Wednesday, October 29, 2014

Thoughts on "When I Walk"

   One morning a couple of weeks ago, I crawled out of bed at two o'clock..The reason had to do with Sandy, who was a colleague of mine at Ash/Craft, and Mary, a bicycling friend of Nancy's and the person who got me involved in Suzanne's writing class. They they live within twenty miles of each other, but they were three thousand miles from home when they met while on a tour of the West Coast. Among other things they talked about Multiple Sclerosis. Mary's son has MS, and Sandy is friends with a woman and her brother, who both have MS.
   In a Facebook message, Sandy told me about Ampyra, a drug that seems to be helping both the woman, who has the relapsing-remitting form of MS, and her brother, who has primary-progressive MS. And she asked if I was familiar with "When I Walk,"which is Jason DaSilva's account of his experience with MS. Mr. DaSilva is a filmmaker, and "When I Walk" was shown on the PBS series POV.
    The film, which I was able to stream online, left me a welter of emotions. Mr. DaSilva was twenty-five when he was diagnosed with primary-progressive MS. I was my mid-forties when I started getting occasional strange sensation in my left leg. I was fifty-five when I started thinking they might be more than signs of advancing age and a lack of exercise. I was fifty-seven when I finally asked the doctor about them, and fifty-eight when the doctor said, "You have primary-progressive MS.".
   I didn't plan for MS. But if I had, that is how I would have planned it. When Russ was a strapping  lad of four or five, he often asked me to take him to the Squire Shop, a bakery where he could enjoy a powdered donut. He always promised to walk the whole way, both ways. Russ never had a problem getting there. Once he'd eaten his donut, however, Russ would tell me he was too tired to walk back home. "But you promised," I'd say. "But I'm tired," he'd say. I'd smile, pick him up and carry him home. Unforgettable moments I would not have experienced had MS struck me at twenty-five.
   Somewhere around here there are pictures of Beth buried in a pile of leaves. I remember that fall afternoon. Beth waiting not so patiently for me to rake the leaves into a heap large enough for her to jump into. Raking I would not have been able to do had I had MS at twenty-five.
   There were a million other moments at home -- playing ball with kids, painting the house, shoveling snow, taking the kids to the lake to swim on summer afternoons, mowing the lawn -- that wouldn't have happened if I'd had MS in my twenties. I worked at Ash/Craft with developmentally disabled adults for over twenty years and was on my feet most of the time. During my time as an intrepid sports reporter for the Star Beacon, I would not have been able to chase down coaches and athletes for post-game interviews if I had had MS in my twenties.
   In the spring of 2005, I visited Mom and Dad in San Antonio. Dad loved to walk and he loved donuts. The bakery was a mile or so from their apartment, but when Dad asked if I wanted to walk with him, I did. It was a struggle for me. And I'm sure if there hadn't been so much on his mind, Dad would have noticed that after the first quarter mile I was walking a little funny. He didn't. Or he was too polite to mention it, if he did. A year later, I was not able to walk that distance.
   The time is never right for any disease. But if MS had to come into my life, it came in at the best possible time, and for that I am grateful beyond words.

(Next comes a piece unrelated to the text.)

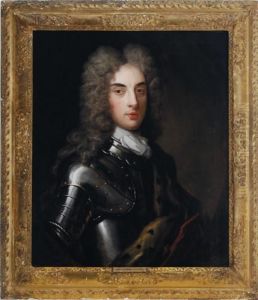 Portrait Of Sir Thomas Fytche, Half Length, Wearing Armor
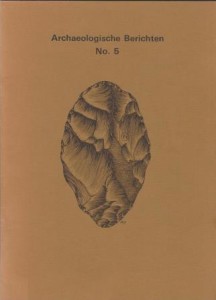 Cover of Archaeologische Berichten No. 5 book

   Though still a young man, Mr. DaSilva's physical limitations are greater than mine. He needs help getting into bed from his wheelchair; he needs help getting dressed; and he needs help bathing. I am still able to do those things independently. Day by day, however, they become more difficult. The film reminded me that the day is not far off when I too will need assistance for the simplest things. The thought scares me.
   His physical limitations notwithstanding, Mr. DaSilva appears to be living a full and productive life. I am not. The thought angers me.
   After I watched "When I Walk" and thought I should write about it, it was my intention to include the link for the film, which was available for streaming through October 23. I didn't meet the deadline.